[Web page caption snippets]
■ ■ ■
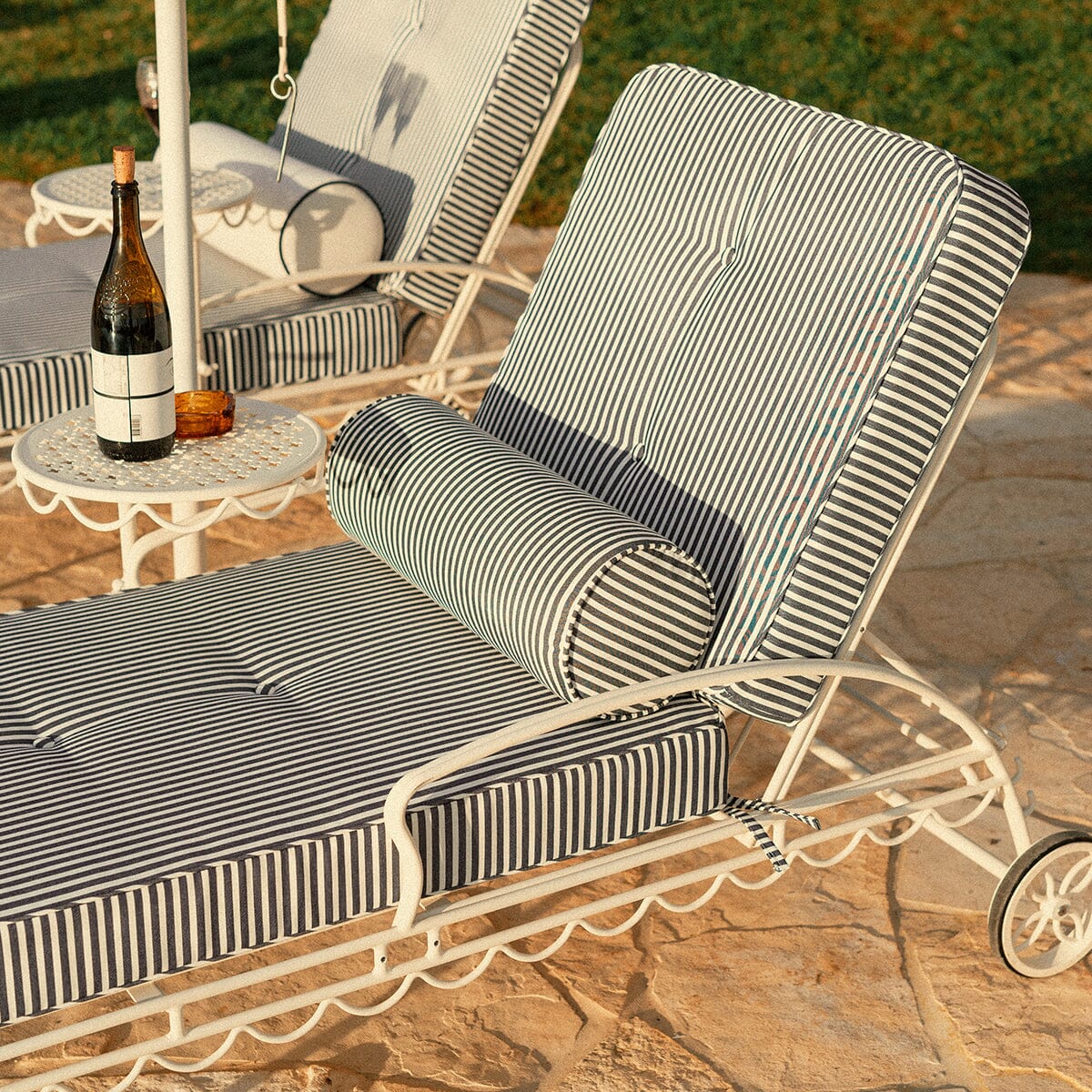 The Bolster Pillow - Laurens Navy Stripe Bolster Pillow Business & Pleasure Co Aus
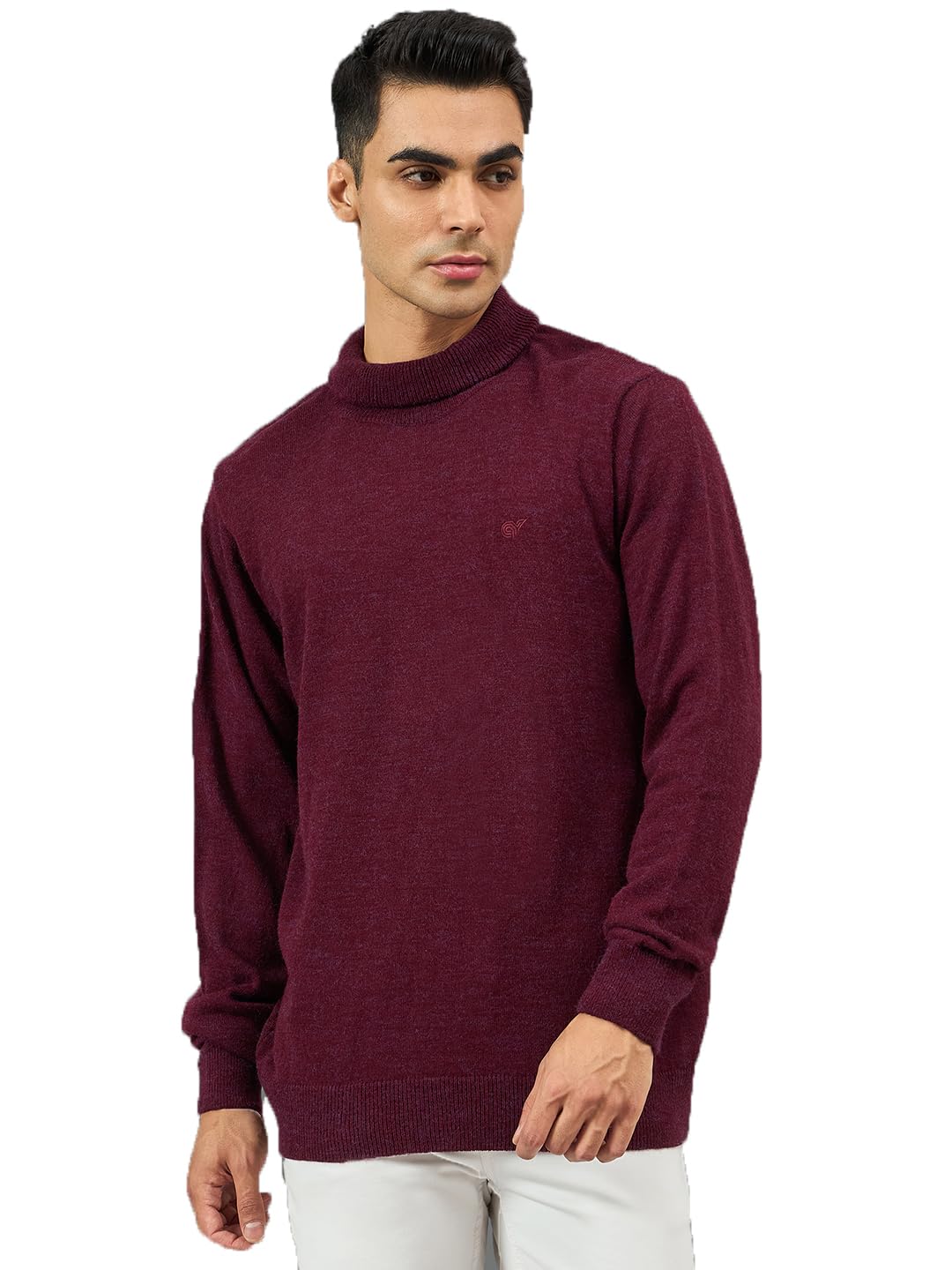 club york Men’s V-Neck Sweater – Classic Full Sleeve Wool Blend Pullover | Formal & Casual Winter Wear for Men_CYC2203C_L Maroon-picture-11
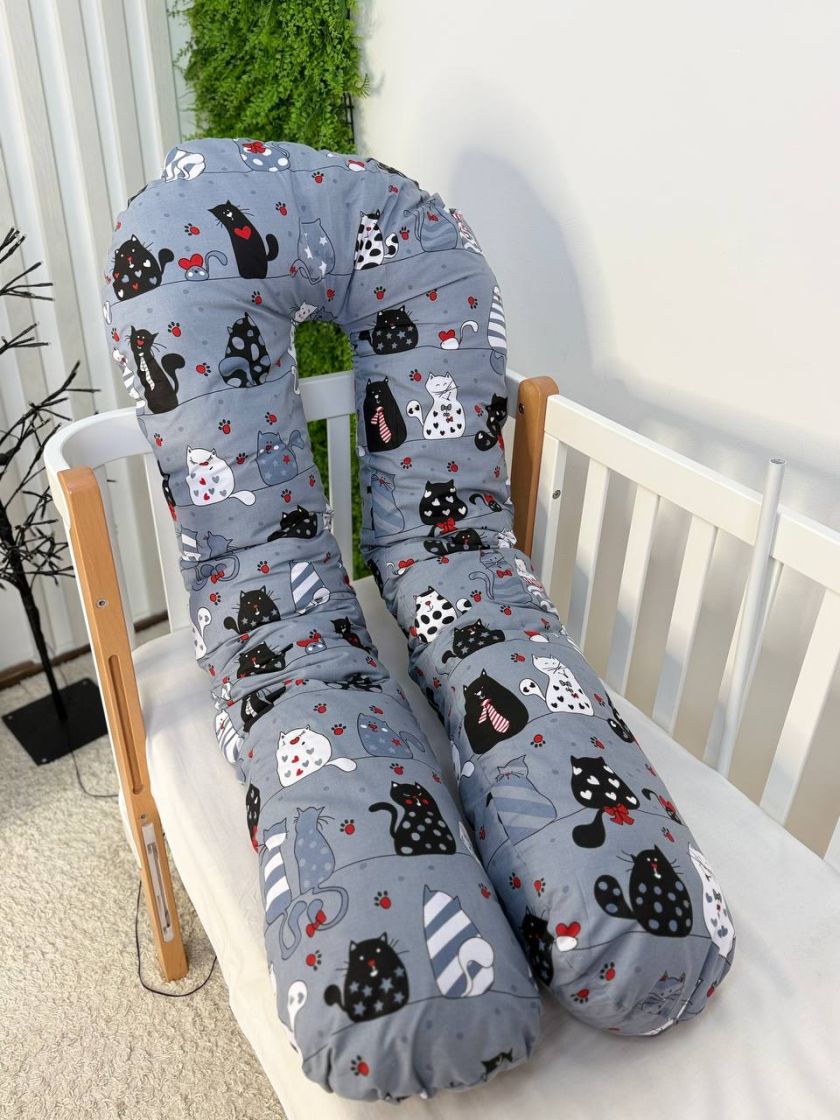 ❤ Подушка для вагітних. Принт - Котики на сірому, сердечка (#12369042) ✓ Anna Konvert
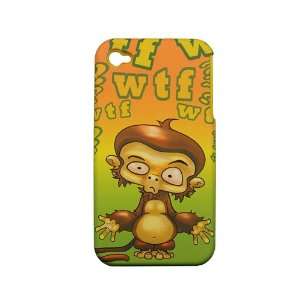 iPhone 4S Hybrid Case 2in1 Rubber WTF Yellow Monkey Silicon 4S/4 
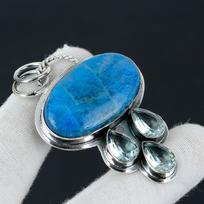 Lapis Lazuli, Londono mėlynas topazinis brangakmenių sidabrinis pakabukas, 925 sterlingų sidabro papuošalų pakabukas, natūralus lapis lazuli pakabukas moterims / dovanos 2.55 mėlyna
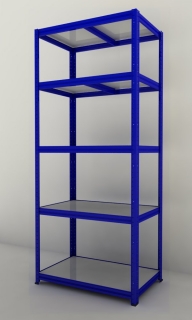 Kovový regál Futur 2100x900x500/5, modrá, 350kg/pol. lamino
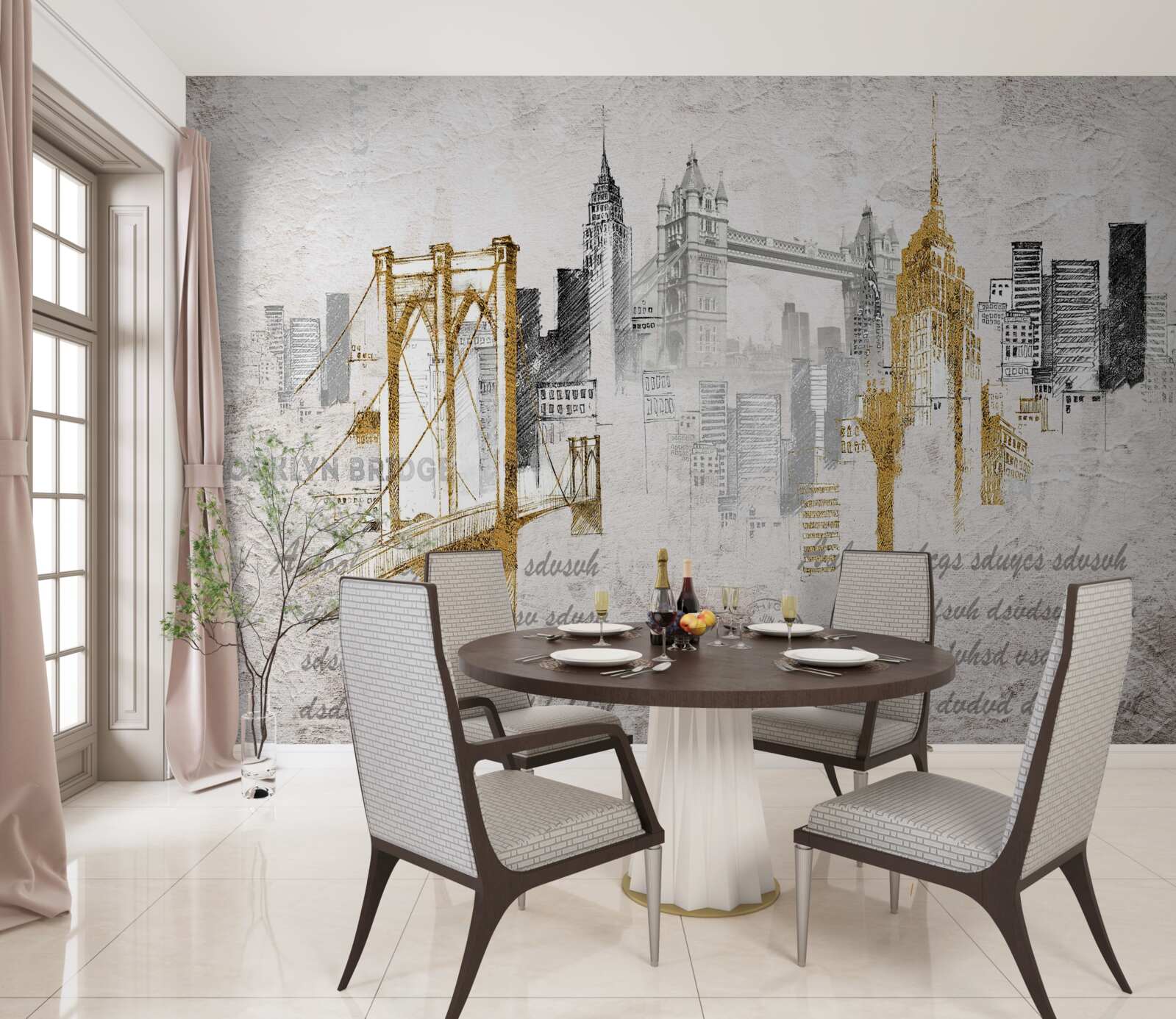 Fotobehang abstract new york in vintage stijl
■ ■ ■
» **Exercise details**
All lines from the one containing "Kovový regál Futur" through the final line of the entries above are to be copied exactly; the pictures are not.

» **Expected answer**
 Kovový regál Futur 2100x900x500/5, modrá, 350kg/pol. lamino
 Fotobehang abstract new york in vintage stijl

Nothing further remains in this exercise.